Central European History Society 10
Session Abstract
The panel sets itself to problematize the apparently limited impact the potential legal liability had on the mid- and lower-rank participants in the Holocaust. In doing so, the panelists intend to move beyond the macrohistorical examination of the strategies employed by the genocidal regimes in striving to attain the “Final Solution.” The panelists propose to examine legal consciousness of mid - and lower-level perpetrators who were citizens of the Axis powers. By relying on such sources as post-war investigative and trials files of perpetrators, their diaries and interviews, the presenters will examine whether and to what extent they were aware of the criminality of their actions and reflected in real time on their potential punishability.
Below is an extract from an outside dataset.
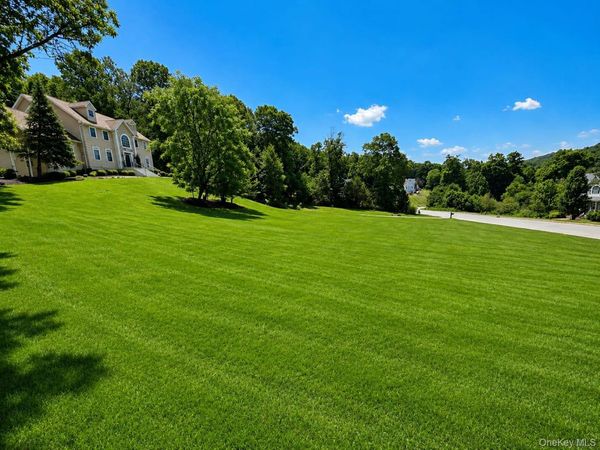 8 Brian Court, Salisbury Mills, NY 12577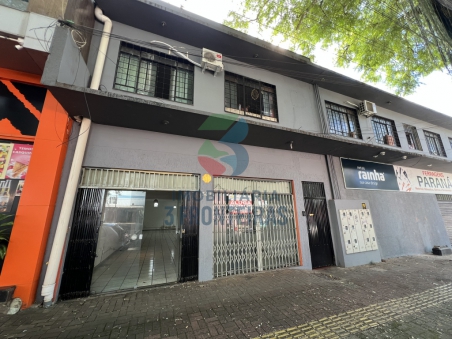 SALA COMERCIAL PARA LOCAÇÃO NO CENTRO...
The panelists will also explore cultural and psychological contexts that obscured or weakened the impact of such awareness. Besides more usual factors, such stresses of war, ideological fanaticism or personal and institutional loyalties, the impact of various extra-legal “instructions” that might have been perceived as upending the law are of particular interest. Another area of exploration constitute the role l’ésprit des corps prevalent in various bodies such as the army and police played in conditioning their members to the application of illegal violence. And finally, the preceding history of unpunished lawless violence on the parts of government agents against political enemies as a lesson in sui generis “practical” as opposed to “formal” governance will attract attention. The discussion is likely to proceed along the lines of comparative history of legal cultures and practices of axis power.